The state’s portion of unfunded liabilities consumes nearly $2.5 billion per year in pension payments and another $1.2 billion in OPEB payments, according to the state’s latest valuation.
Those payments largely go pay off unfunded liabilities to support 99,594 active and retired state employees and 87,952 active and retired teachers, according to the Office of Fiscal Analysis.
The state also maintains pension funds for approximately 17,000 municipal employees and 493 judges, family support magistrates and compensation commissioners.
Pension obligation bonds accounted for another $3.2 billion, money governments borrowed to help boost pension funds.
Another slide from the presentation show Connecticut’s real Gross Domestic Product has declined 7.9 percent since 2007.
Municipalities that were not part of the state Municipal Employee Retirement System on average paid between 96 and 97.2 percent of the annually required contribution toward their pension systems, but only 57.8 percent of the OPEB payments.
However, the author of the study warned that making full annual payments doesn’t necessarily increase the funded ratio for pension plans and that neither bonds nor the stock market is likely to help turn things around for Connecticut.
The report comes as CCM announced the creation of a new task force to tackle Connecticut’s property tax problems with a special focus on the state’s pension problems which continue to exert pressure on both state and local budgets by crowding out other spending, particularly education funding to municipalities and payment in lieu of taxes (PILOT) payments.
“The pension crisis is a significant issue for the task force because it’s a financial issue at the state level and will impact towns going forward,” said Kevin Maloney, director of communications for CCM.
A 2018 report analyzing municipal data supplied by the Office of Policy and Management showed per capita property tax revenue to towns and cities grew by 250 percent between 1981 and 2016, while Connecticut’s median income remained relatively flat.
Maloney said the property tax task force will be meeting over the next six to nine months to address Connecticut’s high property taxes and municipalities’ continued reliance on the property tax as their sole means of raising revenue absent state grants, which have been slashed in recent years to fill state budget gaps.
State funding for municipalities in the form of grants has become a hot topic in recent years as state budget problems have resulted in less grant funding for cities and towns, which face their own problems of rising costs.
PILOT grant payments have decreased by 35 percent since 2015, dropping from $83.6 million to $54.9 million, according to OFA, and sales tax revenue meant to be shared with municipalities has dwindled from $185 million in 2017 — less than was originally promised — to $39 million this year.
Meanwhile, a change in the education cost sharing grant formula has resulted in a reshuffling of money, reducing payments to some towns and increasing them to others, although OFA notes that fully funding the ECS grants in 2020 would require an additional $324 million.
Gov.
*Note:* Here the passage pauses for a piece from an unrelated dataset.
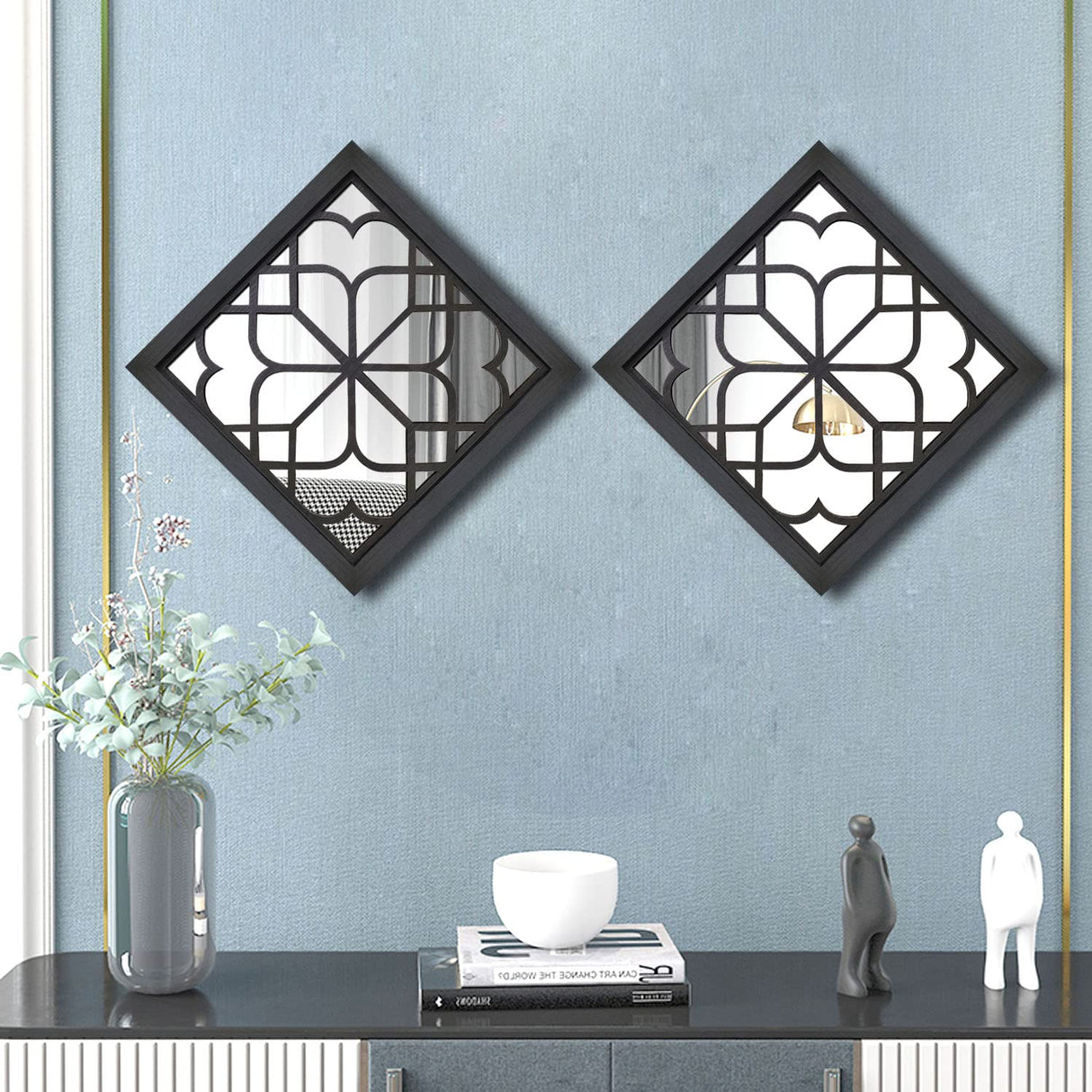 Wocred 2 PCS Square Wall Mirror,Gorgeous Rustic Farmhouse Accent Mirror,Black Entry Mirror for Bathroom Renovation,Bedrooms,Living Rooms and More(12”x12”) Wocred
Ned Lamont has yet to call a special session to approve a bonding package that would grant $60 million to municipalities for road repair which left municipalities digging into their snow-plowing reserves to pay for road repairs over the summer.
The state’s unfunded pension and OPEB liabilities are part of the fixed costs of Connecticut state government, which have been increasing rapidly and contributing to budget shortfalls.
According to the latest budget analysis by OFA, fixed costs are growing by over $500 million per year.
CCM and the Connecticut Council of Small Towns managed to fend off a push by Gov. Dannel Malloy and Lamont to foist part of the teacher pension payments onto municipalities in 2018 and 2019.
But the threat of future efforts by the state to either share the state retirement burden with municipalities or decrease grants — and the lack of major reforms for issues like binding arbitration — has sent municipal organizations scrambling to find revenue alternatives.
A 2018 study by Yankee Institute found that many Connecticut municipalities faced similar financial difficulties as the state: long term pension and debt problems, decreasing revenue and increasing costs.